Fat Albert, polishing half-pint glasses with a

twisted teatowel, pretends not to listen from

behind his bar. I puff up a fragrant smoke screen

and pretend to understand. As my chair is blocked

by the nextdoor empty table and the dark man's

chair, I cannot leave in any case.

"Only after months was I able to find my way

home, back to my villagio, to Lago d'Iseo, with my

ruined leg and broken hand. But finally, I come

home.

"And there is my Anna--pregnant. I am so happy.

I think it is from that last night we were together

saying good-bye to one another, yes, our first time

to make love, although we have been betrothed for

three years.

"That night I go off at dawn with her brothers

and the other men from Iseo across the lake in our

little fishing boats to i partisani--on the mission you

arrange for us. And I am so happy. I do not know

that we go towards betrayal and torture and

death...because of you, friend Riley."

I cannot look at Ryle, now. He is absolutely

still, engulfed in the past, in the dark man's

torment. Then he begins feebly: "Look here,

man...." But the dark man is growing more

passionate.

"Yes. Si, si! After the torture, the deaths, I

escape and come home after so long to my Lucianna

and a new life and she is giving me also a new

life. But the child arrives late, so I think; and

when I see that she has the red hair and eyes they

never change from blue to brown, then I know. She,

my little Guiliana, is not my own bambina after

all. And yet she is mine. I give her my family

name. I am her father; Lucianna, my Anna, is her

mother. And yet she is not mine. Twice you betray

me, twice in one night. Ma essa non merita biasima...."
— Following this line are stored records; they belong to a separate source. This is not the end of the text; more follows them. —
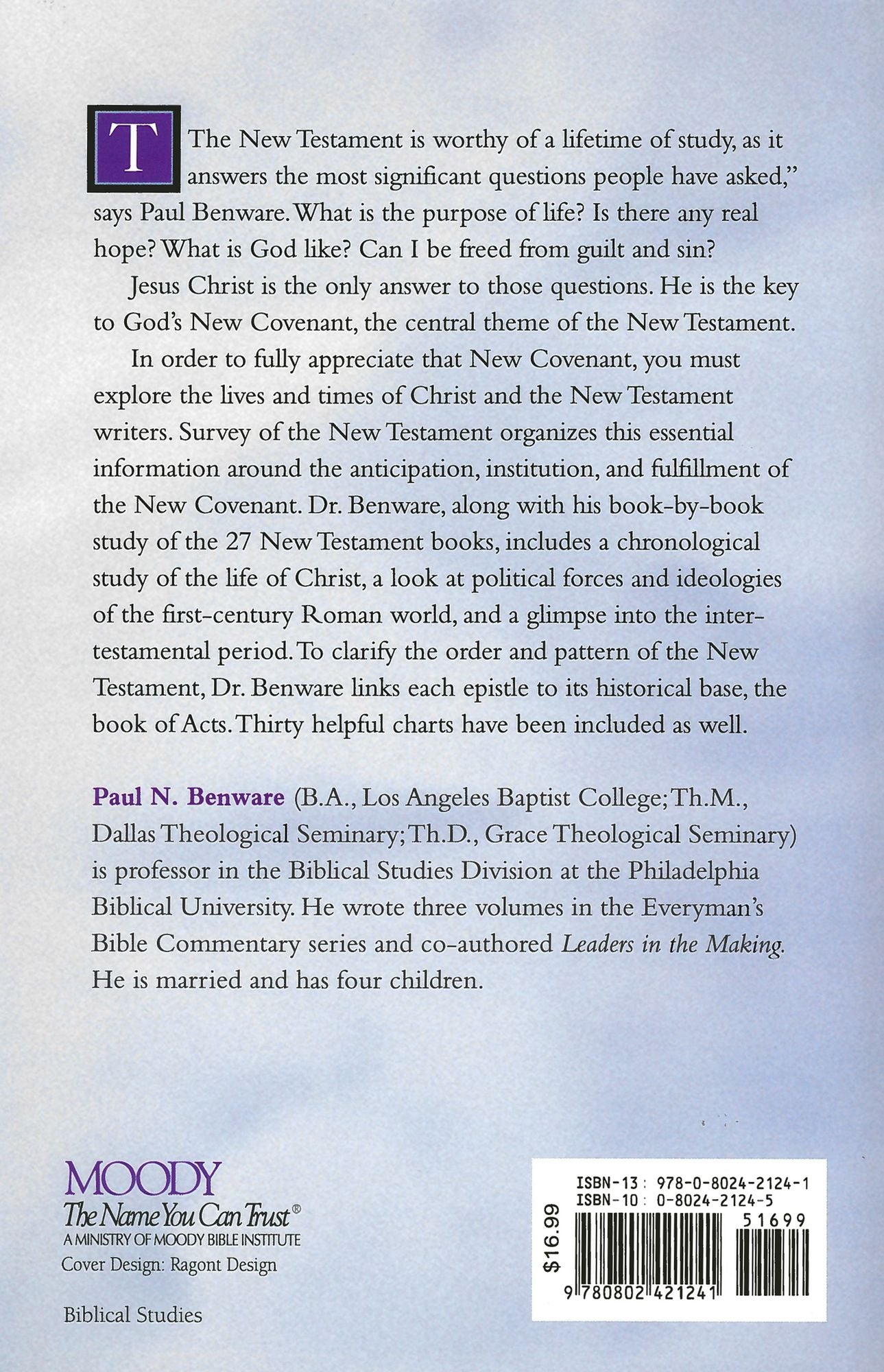 Survey of the New Testament- Everyman's Bible Commentary
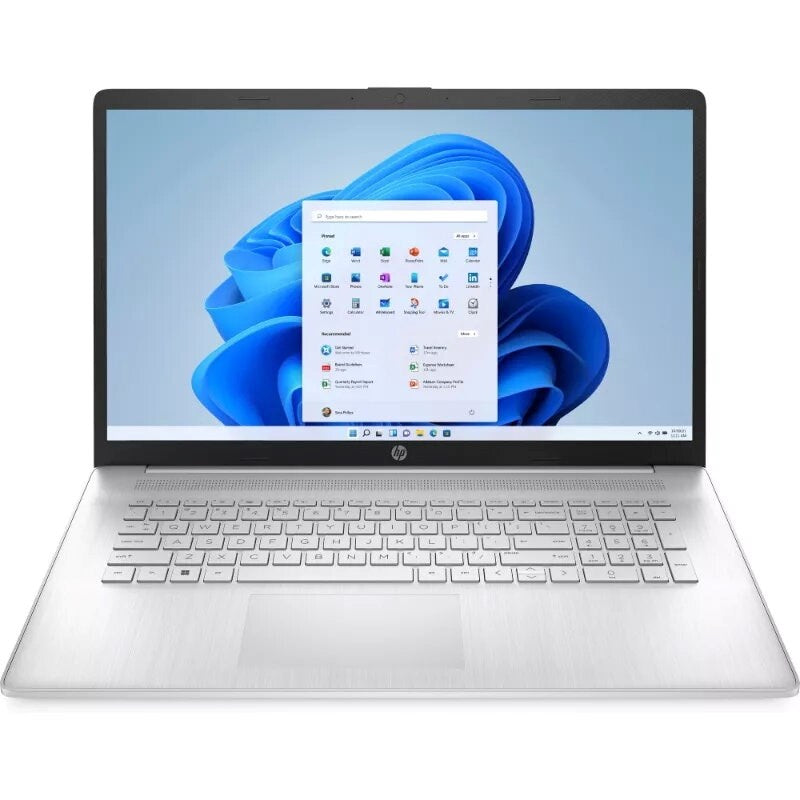 HP 17-cp2007ny Ryzen 5 7520U 17.3" FHD IPS 250 nits AG 8GB DDR4 512GB SSD Radeon 610M Windows 11 Natural Silver 2-year warranty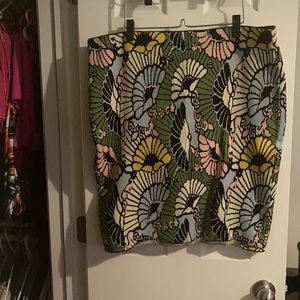 5/$25 Rachel Roy Knee Length Sweater Skirt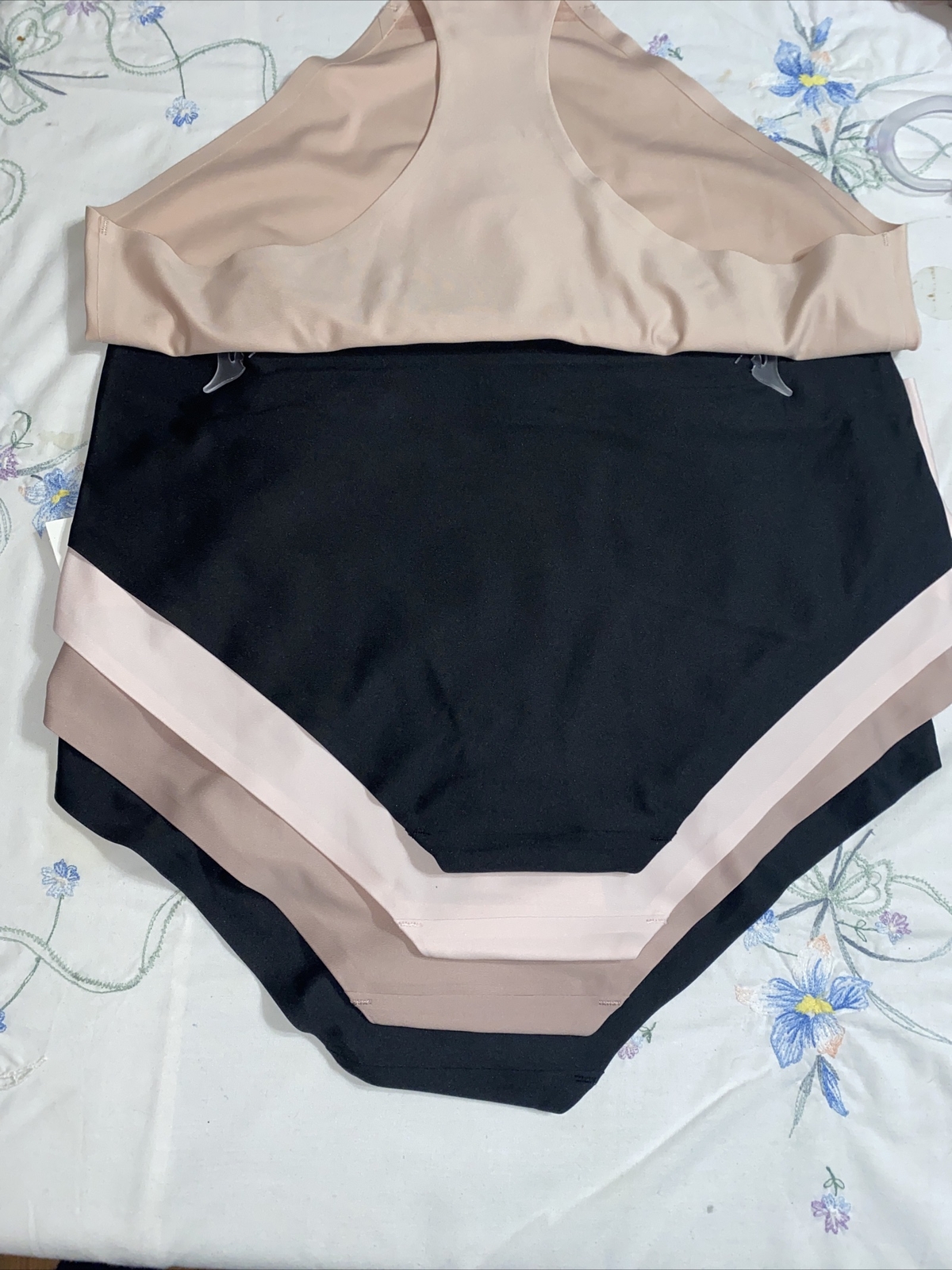 NÁUTICA ~ Women’s NT3206 Laser Briefs Panties Hipsters 5-Pair ~ XL ~UNIQUE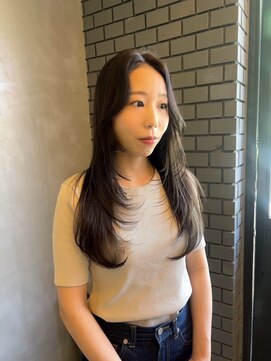 イキプラスディードットログ 大和八木駅前店(ikii+D.Log) 韓国レイヤーカット ×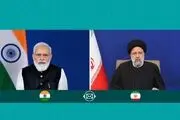 پیام فارسی نخست وزیر هند پس از دیدار با رئیس جمهور ایرانت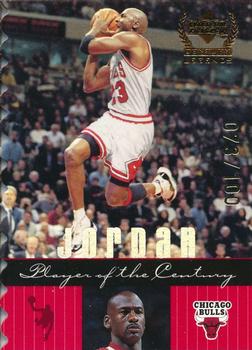1998-99 Upper Deck Century Legends - Century Collection #85 Michael Jordan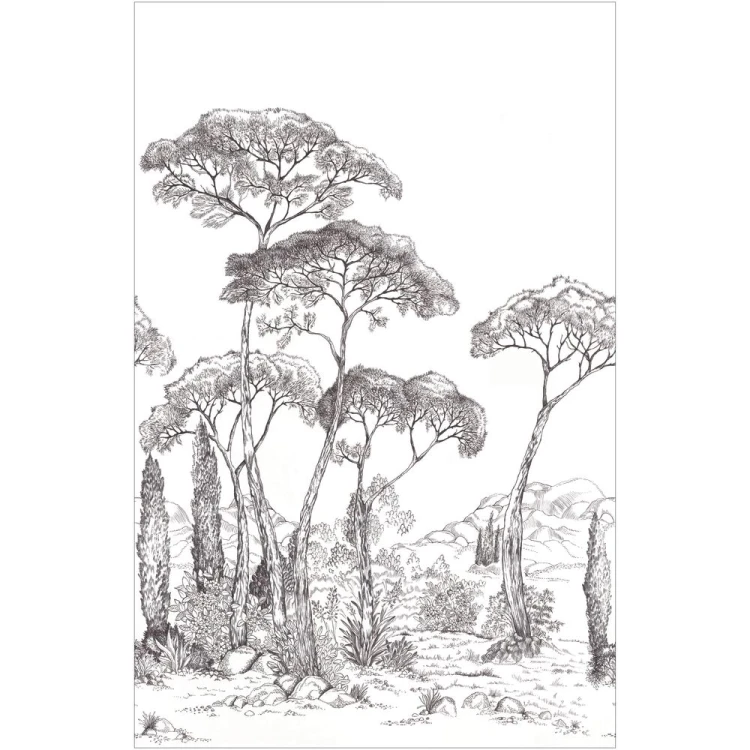 Mural FOREST OF PINEA Caselio 3107290904 1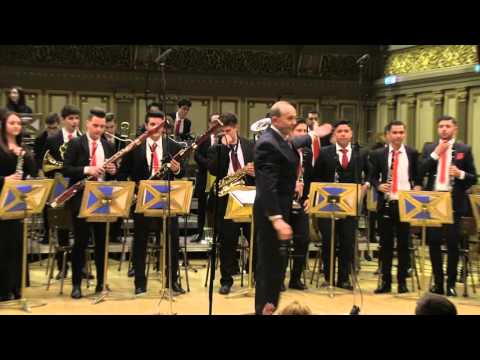 Gala Lipatti - 23martie2016 - Orchestra de suflători a Colegiului Național de Arte „Dinu Lipatti”
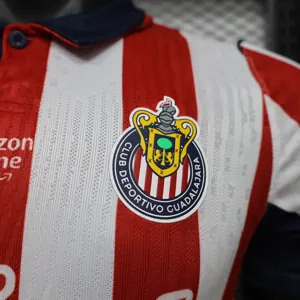 26-27 Chivas Mens Home Kit Football Player Version T-Shirt AAAAJersey Supply Yupoo 9 7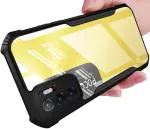 CarryWrap Back Cover for IQ009 (Black, Transparent, Shock Proof, Pack of: 1)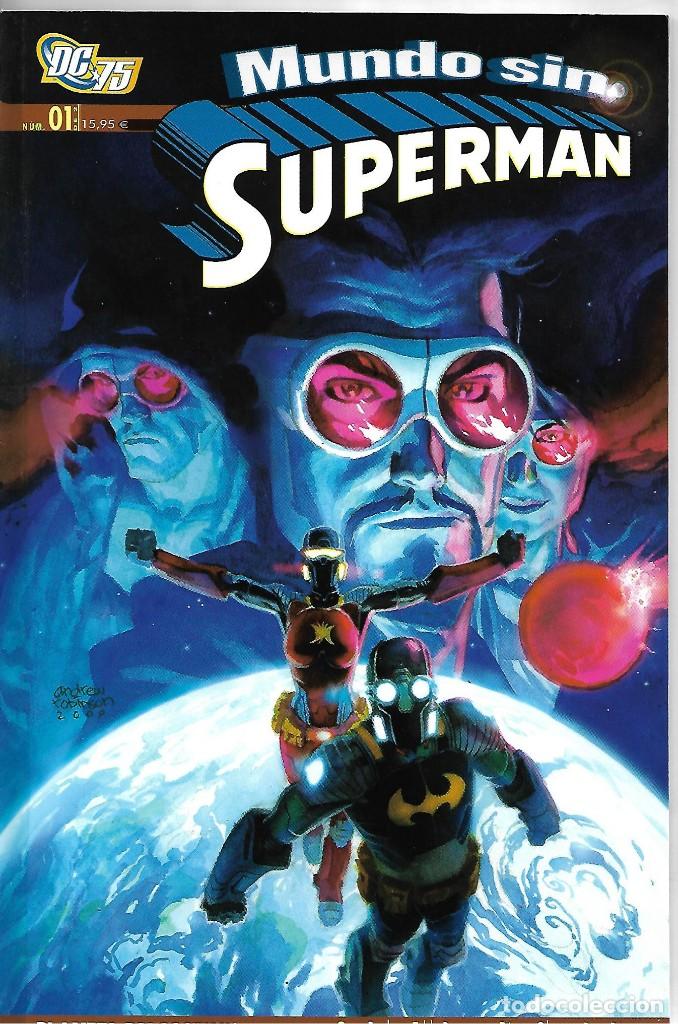 Tebeos: MUNDO SIN SUPERMAN N&ordm; 1 - PLANETA - Foto 1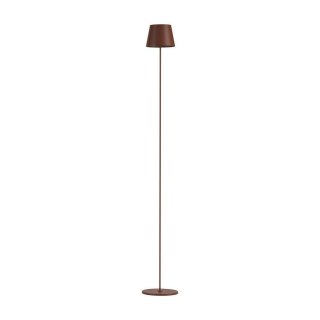 Lampa Podłogowa V-TAC 4W LED Brąz Corten IP54 Ładowalna VT-7544-C 3000K 300lm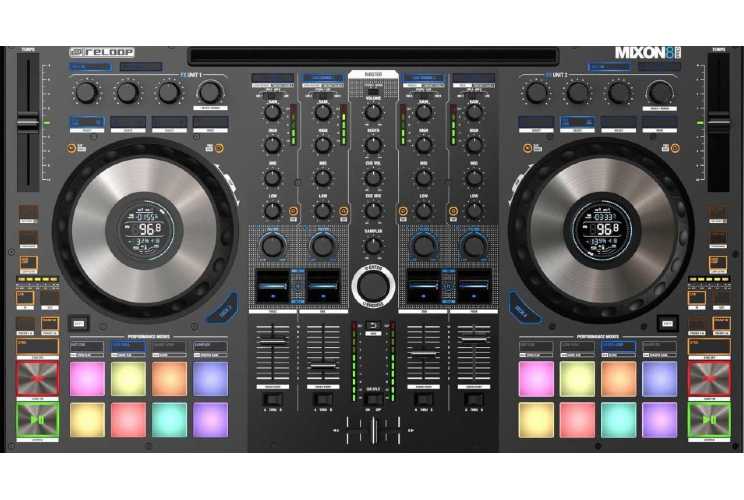  Reloop Mixon 8 Pro : קונטרולר פרימיום לדיג׳יי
The story is overtaking the storyteller, it

seems. I try to smile at Ryle but he does not see.

"You it was who send us to Bolzano with the

papers, the maps made from the air, not to

Bellinzona over the Swizzera border where our

fellow partisani hide, nor to Bergamo where the

others await us with the radio. No.

"You, amico mio, you alone manage to betray me

twice together. You send us into the enemy's

house--12 Via Marconi at Bolzano, infestato di fascisti!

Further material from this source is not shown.